------ Data records
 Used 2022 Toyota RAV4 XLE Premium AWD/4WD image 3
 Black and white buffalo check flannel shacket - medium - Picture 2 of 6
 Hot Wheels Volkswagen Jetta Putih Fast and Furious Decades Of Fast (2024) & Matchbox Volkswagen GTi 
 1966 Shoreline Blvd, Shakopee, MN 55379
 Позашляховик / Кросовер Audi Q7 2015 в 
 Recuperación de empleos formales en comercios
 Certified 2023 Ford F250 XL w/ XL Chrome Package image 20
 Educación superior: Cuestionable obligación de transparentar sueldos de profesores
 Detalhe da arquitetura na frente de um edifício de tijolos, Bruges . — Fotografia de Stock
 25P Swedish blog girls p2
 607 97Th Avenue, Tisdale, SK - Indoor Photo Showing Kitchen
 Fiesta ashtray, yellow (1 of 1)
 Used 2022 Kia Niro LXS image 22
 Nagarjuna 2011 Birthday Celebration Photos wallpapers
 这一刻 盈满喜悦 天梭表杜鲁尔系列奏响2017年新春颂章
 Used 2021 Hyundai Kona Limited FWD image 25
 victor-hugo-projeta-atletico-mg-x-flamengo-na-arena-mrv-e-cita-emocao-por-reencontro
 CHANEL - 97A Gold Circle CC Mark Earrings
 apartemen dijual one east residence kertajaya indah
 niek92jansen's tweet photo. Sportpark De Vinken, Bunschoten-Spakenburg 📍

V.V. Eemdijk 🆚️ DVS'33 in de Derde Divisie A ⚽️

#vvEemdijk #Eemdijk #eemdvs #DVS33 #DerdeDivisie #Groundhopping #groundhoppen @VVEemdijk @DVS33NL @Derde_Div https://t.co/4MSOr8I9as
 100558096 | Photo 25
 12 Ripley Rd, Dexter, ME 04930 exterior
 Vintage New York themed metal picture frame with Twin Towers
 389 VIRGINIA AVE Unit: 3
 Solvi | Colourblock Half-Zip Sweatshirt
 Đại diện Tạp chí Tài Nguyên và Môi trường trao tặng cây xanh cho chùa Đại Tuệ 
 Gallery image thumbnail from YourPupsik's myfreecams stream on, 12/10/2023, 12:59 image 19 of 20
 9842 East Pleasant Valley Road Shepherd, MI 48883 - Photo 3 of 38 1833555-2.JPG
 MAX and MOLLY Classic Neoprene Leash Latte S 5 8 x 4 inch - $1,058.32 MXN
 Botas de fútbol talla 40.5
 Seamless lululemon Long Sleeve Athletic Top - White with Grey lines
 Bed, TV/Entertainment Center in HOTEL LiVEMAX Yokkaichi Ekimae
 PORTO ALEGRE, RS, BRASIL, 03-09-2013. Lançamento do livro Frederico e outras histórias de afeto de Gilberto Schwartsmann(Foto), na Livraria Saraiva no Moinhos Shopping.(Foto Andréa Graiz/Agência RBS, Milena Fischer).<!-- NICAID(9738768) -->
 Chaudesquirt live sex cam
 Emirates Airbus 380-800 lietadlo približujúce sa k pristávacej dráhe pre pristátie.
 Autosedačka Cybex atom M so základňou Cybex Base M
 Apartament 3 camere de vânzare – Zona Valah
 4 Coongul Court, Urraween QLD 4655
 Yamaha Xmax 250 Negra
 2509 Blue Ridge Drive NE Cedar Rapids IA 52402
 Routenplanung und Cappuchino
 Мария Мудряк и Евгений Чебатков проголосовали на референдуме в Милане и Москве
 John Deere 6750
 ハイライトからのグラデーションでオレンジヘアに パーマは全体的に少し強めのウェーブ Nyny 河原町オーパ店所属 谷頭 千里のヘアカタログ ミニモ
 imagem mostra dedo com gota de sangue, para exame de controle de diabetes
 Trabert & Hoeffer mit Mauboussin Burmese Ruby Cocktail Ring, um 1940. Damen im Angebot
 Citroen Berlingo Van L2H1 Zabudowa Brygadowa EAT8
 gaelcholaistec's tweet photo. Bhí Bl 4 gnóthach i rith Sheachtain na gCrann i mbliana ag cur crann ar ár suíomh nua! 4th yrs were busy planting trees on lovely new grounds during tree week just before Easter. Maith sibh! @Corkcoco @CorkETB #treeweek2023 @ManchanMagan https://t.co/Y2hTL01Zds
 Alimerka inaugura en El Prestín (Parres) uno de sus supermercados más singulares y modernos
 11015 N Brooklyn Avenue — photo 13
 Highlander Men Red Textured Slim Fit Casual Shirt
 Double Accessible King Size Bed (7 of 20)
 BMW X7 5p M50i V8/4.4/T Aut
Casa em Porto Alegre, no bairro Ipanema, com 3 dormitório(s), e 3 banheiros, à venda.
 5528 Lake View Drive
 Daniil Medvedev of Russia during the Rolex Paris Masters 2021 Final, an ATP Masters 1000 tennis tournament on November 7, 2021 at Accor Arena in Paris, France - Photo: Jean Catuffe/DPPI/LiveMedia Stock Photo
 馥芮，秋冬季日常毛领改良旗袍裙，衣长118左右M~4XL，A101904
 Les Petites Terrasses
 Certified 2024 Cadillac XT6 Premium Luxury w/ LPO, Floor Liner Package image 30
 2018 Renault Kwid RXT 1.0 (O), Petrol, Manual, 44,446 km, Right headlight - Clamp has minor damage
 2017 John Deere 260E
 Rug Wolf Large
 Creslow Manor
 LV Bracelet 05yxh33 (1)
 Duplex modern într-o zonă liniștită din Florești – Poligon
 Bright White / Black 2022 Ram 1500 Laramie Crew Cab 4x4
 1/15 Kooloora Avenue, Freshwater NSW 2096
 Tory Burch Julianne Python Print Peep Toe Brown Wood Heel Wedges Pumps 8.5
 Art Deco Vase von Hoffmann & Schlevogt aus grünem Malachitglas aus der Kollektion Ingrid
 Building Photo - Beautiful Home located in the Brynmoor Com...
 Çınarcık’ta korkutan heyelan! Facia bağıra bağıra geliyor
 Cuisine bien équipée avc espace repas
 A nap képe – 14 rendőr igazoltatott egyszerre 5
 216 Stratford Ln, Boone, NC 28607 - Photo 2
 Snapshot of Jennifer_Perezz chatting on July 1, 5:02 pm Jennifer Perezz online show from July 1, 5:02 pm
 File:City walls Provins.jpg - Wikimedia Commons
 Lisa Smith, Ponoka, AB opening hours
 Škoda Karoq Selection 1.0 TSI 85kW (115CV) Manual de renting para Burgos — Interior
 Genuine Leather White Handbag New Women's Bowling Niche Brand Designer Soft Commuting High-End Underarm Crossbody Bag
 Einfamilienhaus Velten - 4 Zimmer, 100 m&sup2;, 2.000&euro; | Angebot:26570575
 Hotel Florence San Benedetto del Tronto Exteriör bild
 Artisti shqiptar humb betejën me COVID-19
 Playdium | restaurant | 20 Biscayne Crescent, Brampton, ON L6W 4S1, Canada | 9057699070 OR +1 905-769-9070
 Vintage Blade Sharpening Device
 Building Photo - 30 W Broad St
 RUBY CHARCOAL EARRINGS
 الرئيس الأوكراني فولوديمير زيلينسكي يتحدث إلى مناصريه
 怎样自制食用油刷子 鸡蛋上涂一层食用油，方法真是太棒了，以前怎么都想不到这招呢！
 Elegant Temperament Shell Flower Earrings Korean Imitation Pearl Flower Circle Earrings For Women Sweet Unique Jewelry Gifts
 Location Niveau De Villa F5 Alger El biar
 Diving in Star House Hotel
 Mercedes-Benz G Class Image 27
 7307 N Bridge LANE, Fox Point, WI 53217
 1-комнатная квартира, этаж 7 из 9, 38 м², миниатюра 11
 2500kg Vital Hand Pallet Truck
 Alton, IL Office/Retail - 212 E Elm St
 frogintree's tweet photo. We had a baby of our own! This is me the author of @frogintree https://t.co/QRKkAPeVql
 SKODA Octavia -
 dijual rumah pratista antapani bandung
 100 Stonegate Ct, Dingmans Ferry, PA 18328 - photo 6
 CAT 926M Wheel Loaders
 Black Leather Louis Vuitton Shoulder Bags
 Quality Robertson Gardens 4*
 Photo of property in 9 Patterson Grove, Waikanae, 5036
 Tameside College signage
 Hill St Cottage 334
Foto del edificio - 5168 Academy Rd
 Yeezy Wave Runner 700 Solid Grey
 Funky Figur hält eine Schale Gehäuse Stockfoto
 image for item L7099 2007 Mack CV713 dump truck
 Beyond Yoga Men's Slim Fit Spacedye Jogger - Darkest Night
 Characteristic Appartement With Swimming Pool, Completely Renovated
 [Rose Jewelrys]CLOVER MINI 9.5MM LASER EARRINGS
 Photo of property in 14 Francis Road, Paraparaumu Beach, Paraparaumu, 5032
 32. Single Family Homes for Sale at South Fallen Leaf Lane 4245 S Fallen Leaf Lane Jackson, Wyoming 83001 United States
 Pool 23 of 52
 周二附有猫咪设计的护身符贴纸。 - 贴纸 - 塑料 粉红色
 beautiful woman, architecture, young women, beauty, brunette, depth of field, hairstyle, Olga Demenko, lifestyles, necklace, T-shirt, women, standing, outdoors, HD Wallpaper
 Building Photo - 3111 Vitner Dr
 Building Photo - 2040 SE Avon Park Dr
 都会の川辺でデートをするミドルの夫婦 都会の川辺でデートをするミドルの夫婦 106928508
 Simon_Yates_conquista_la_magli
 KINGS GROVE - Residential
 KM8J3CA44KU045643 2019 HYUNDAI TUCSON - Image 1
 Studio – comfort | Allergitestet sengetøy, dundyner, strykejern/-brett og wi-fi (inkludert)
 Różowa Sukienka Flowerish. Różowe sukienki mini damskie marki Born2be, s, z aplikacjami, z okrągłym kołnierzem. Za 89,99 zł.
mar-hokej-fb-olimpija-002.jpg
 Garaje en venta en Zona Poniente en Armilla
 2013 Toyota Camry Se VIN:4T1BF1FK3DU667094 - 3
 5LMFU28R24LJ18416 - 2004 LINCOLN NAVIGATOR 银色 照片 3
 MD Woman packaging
------------
§ Activity
Which lines run from the first of the listing to the line containing "1966 Shoreline Blvd, Shakopee, MN 55379"? Reproduce those exactly, both ends included.

§ Task result
 Used 2022 Toyota RAV4 XLE Premium AWD/4WD image 3
 Black and white buffalo check flannel shacket - medium - Picture 2 of 6
 Hot Wheels Volkswagen Jetta Putih Fast and Furious Decades Of Fast (2024) & Matchbox Volkswagen GTi 
 1966 Shoreline Blvd, Shakopee, MN 55379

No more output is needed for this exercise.